__INPUT RECORDS__
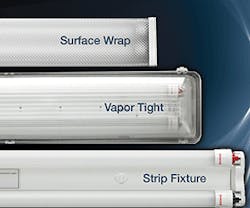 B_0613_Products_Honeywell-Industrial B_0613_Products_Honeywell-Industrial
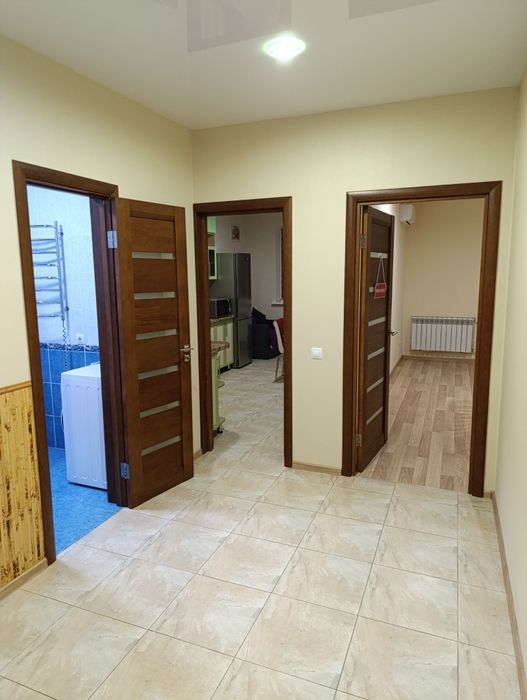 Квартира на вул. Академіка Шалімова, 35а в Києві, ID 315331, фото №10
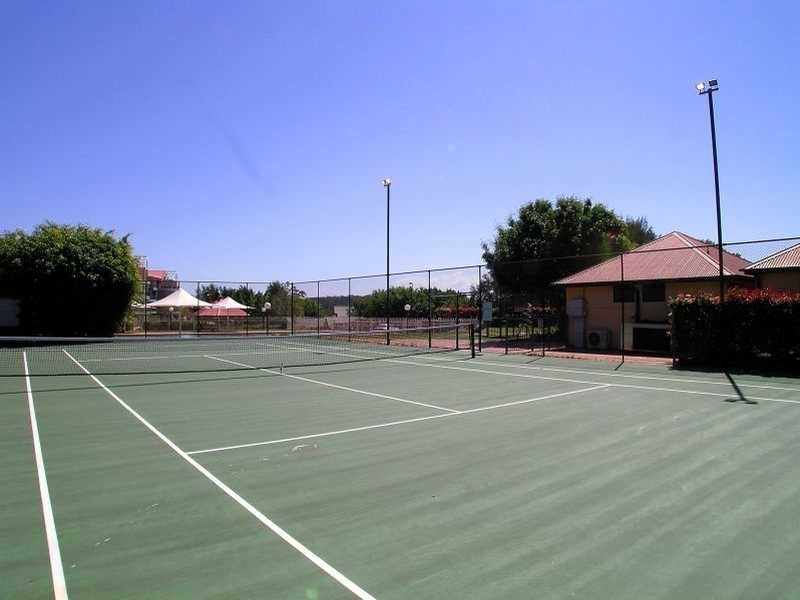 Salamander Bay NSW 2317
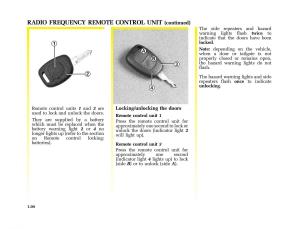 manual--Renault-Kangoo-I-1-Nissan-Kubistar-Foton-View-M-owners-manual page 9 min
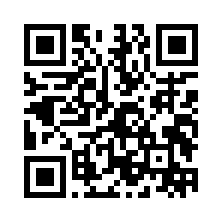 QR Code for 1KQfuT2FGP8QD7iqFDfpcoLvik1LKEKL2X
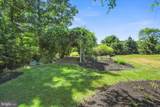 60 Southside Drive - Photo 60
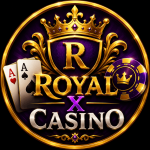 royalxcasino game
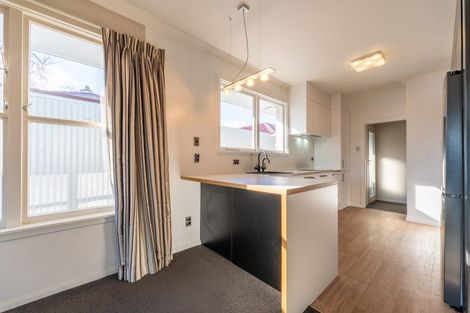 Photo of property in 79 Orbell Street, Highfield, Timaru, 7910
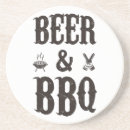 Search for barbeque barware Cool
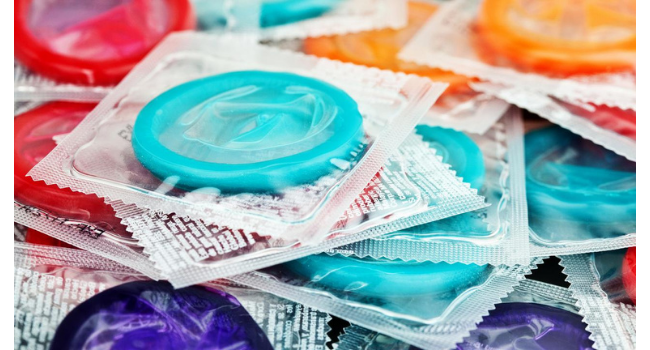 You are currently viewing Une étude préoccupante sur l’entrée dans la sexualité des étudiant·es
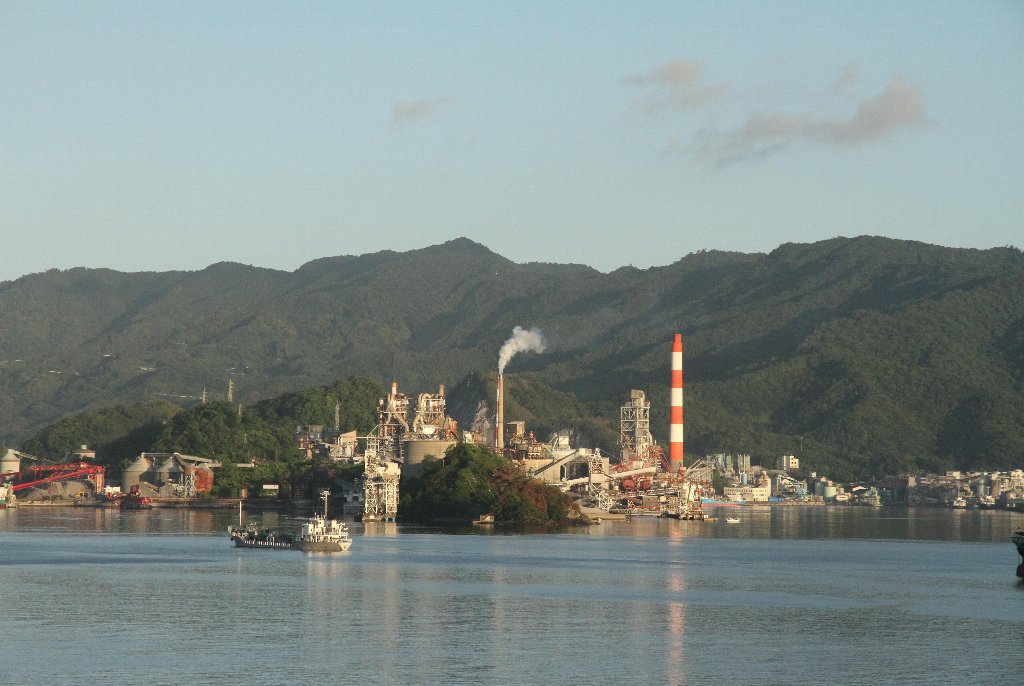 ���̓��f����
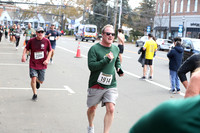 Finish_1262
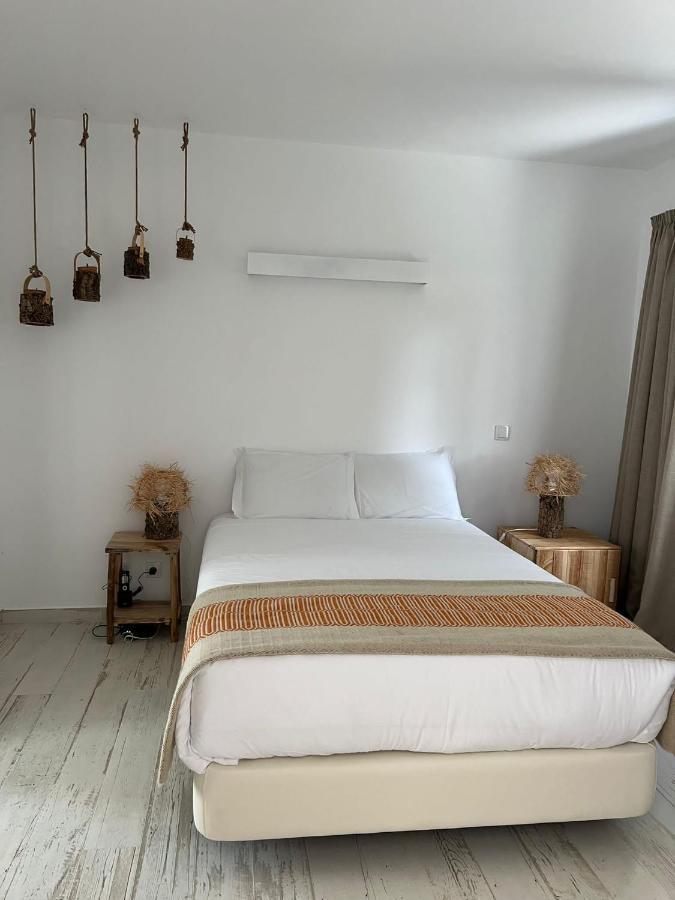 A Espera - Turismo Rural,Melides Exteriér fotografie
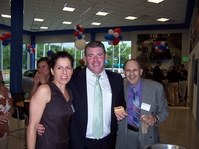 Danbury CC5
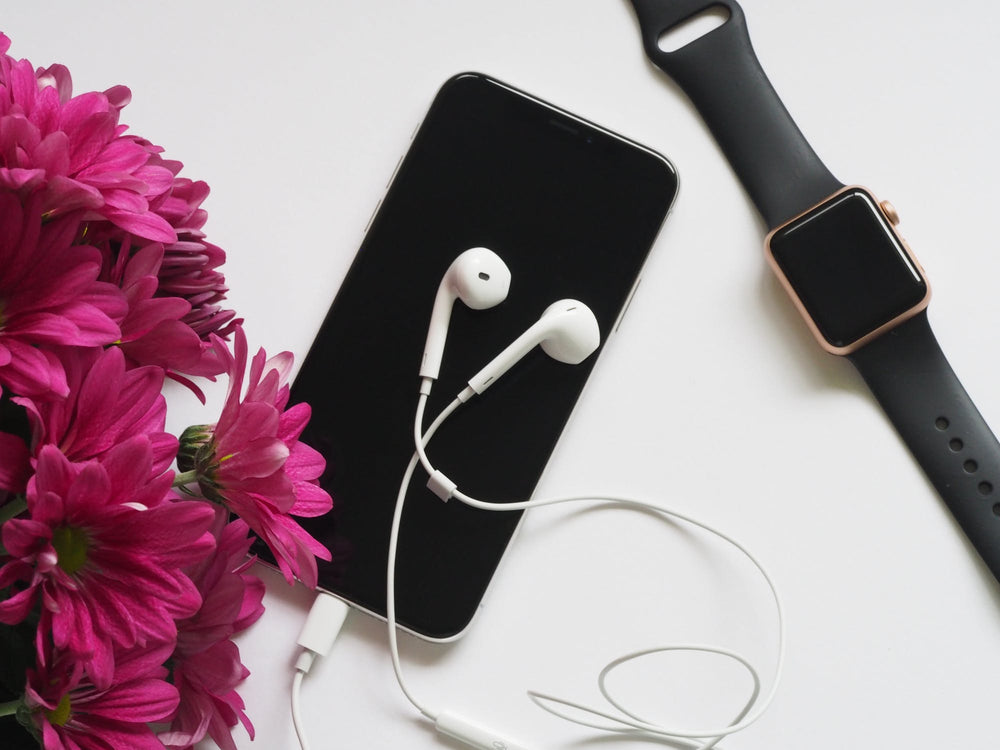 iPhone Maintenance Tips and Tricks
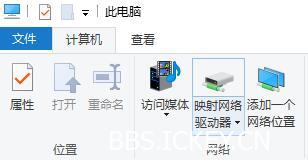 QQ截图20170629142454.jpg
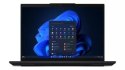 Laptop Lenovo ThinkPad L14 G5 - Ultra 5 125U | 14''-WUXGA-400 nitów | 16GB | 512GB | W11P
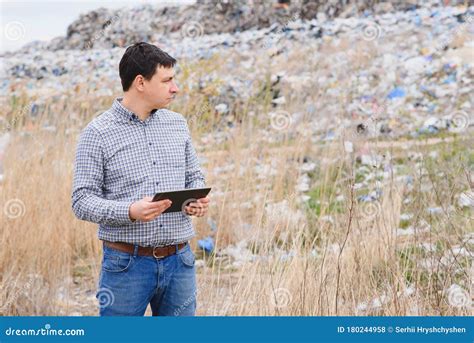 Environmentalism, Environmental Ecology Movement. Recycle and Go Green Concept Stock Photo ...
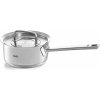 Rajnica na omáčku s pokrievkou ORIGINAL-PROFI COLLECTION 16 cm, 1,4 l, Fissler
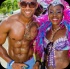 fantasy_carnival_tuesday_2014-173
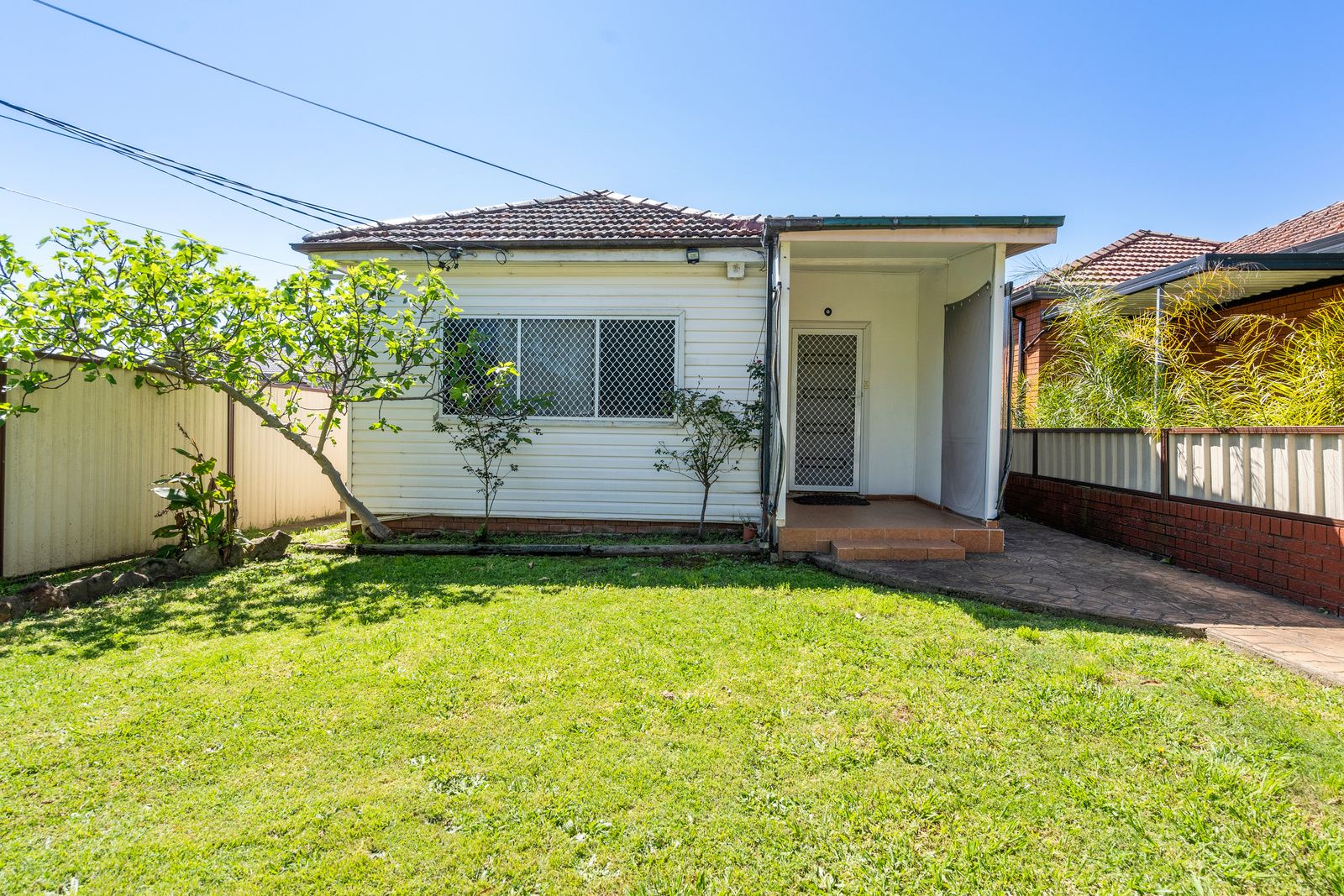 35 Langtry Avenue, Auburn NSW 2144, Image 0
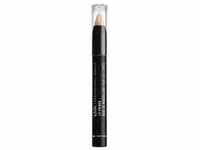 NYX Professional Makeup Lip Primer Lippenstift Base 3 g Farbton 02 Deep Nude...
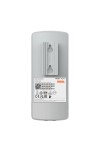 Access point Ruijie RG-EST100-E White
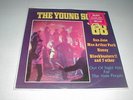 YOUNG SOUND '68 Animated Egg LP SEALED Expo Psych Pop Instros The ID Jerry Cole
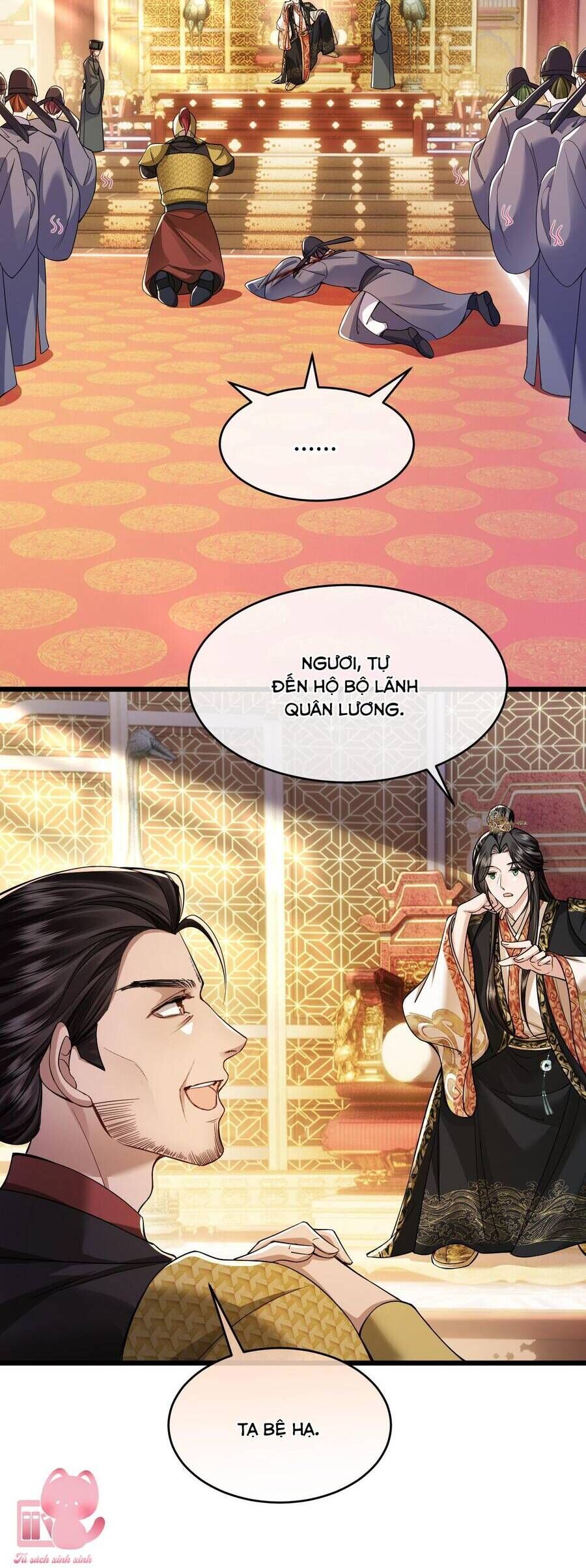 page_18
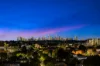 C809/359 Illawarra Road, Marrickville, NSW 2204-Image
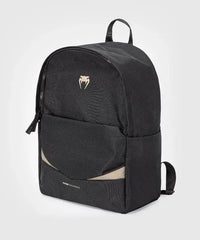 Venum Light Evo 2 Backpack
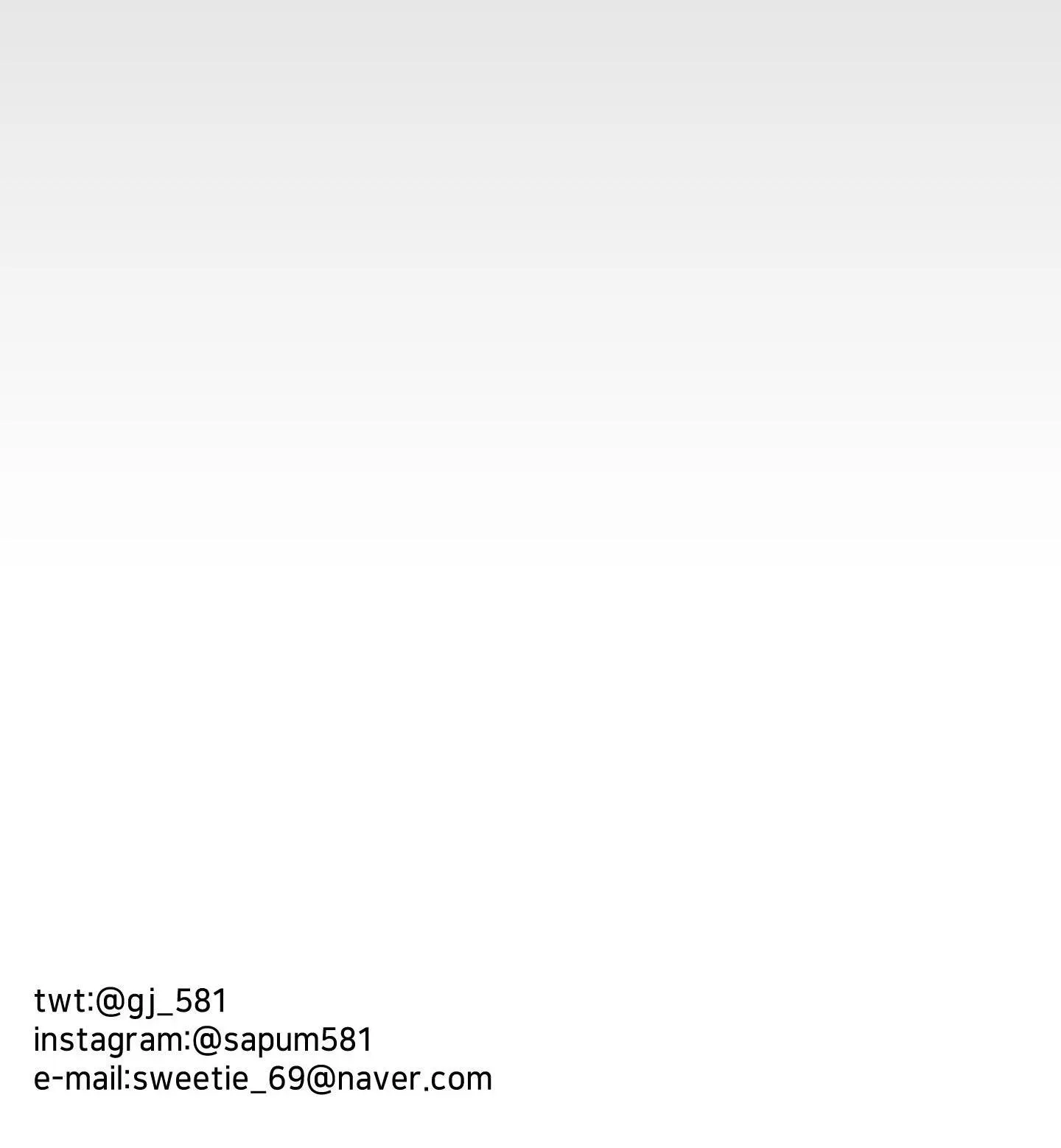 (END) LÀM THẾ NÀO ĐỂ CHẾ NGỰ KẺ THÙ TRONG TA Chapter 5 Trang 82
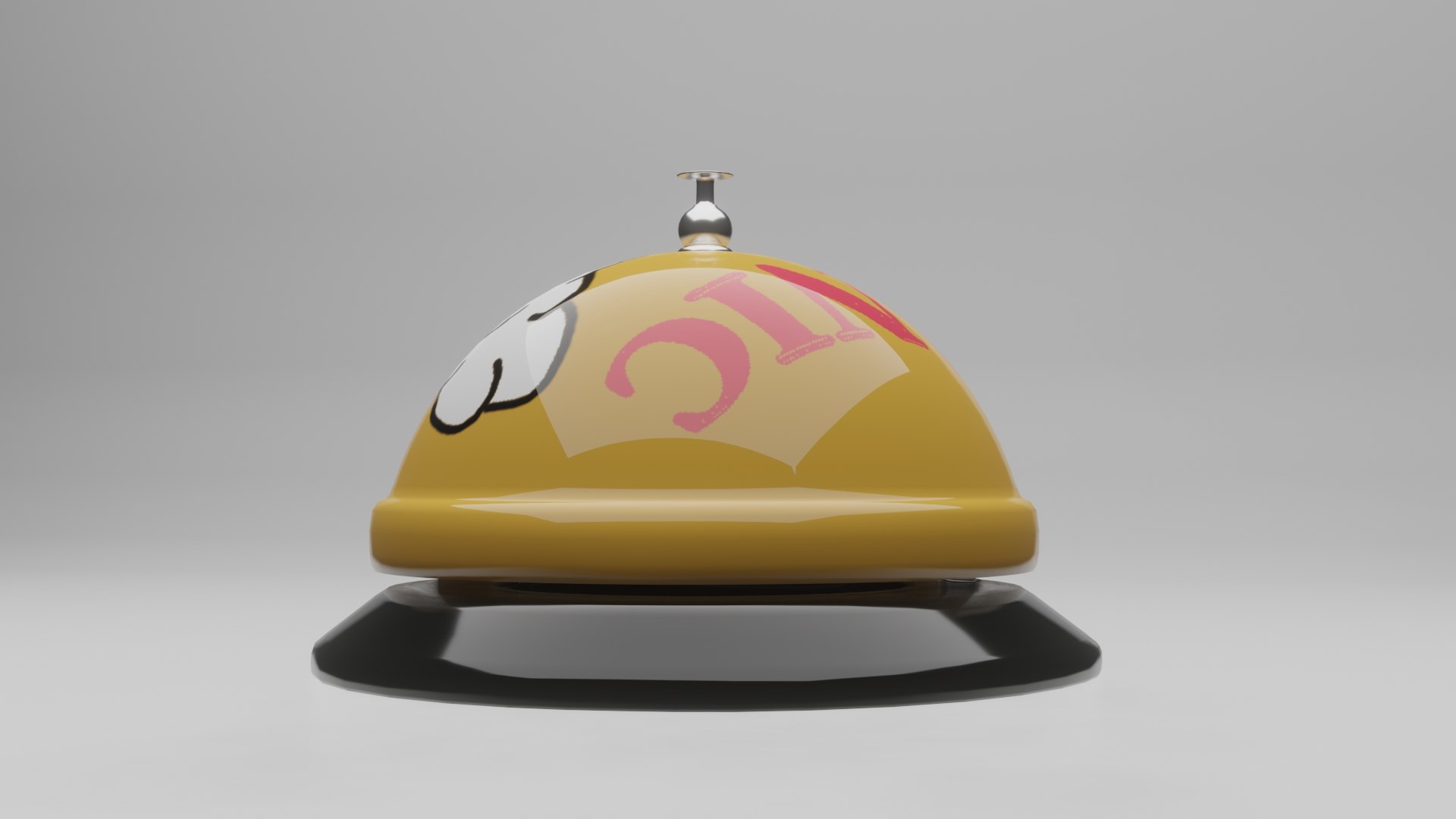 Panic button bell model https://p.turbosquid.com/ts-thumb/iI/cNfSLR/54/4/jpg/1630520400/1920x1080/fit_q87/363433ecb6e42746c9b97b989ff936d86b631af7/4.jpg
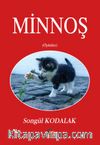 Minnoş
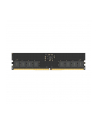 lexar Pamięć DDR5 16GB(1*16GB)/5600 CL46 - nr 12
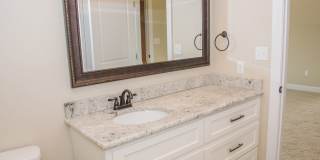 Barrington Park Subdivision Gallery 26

__AIM OF THE TASK__
Print exactly the lines above that run from the one with "Stock Photo ..." to the one with "(END) LÀM THẾ", both included. No pictures.

__FINAL ANSWER__
 Environmentalism, Environmental Ecology Movement. Recycle and Go Green Concept Stock Photo ...
 Rajnica na omáčku s pokrievkou ORIGINAL-PROFI COLLECTION 16 cm, 1,4 l, Fissler
 fantasy_carnival_tuesday_2014-173
 35 Langtry Avenue, Auburn NSW 2144, Image 0
 NYX Professional Makeup Lip Primer Lippenstift Base 3 g Farbton 02 Deep Nude...
 Access point Ruijie RG-EST100-E White
 YOUNG SOUND '68 Animated Egg LP SEALED Expo Psych Pop Instros The ID Jerry Cole
 page_18
 C809/359 Illawarra Road, Marrickville, NSW 2204-Image
 Venum Light Evo 2 Backpack
 (END) LÀM THẾ NÀO ĐỂ CHẾ NGỰ KẺ THÙ TRONG TA Chapter 5 Trang 82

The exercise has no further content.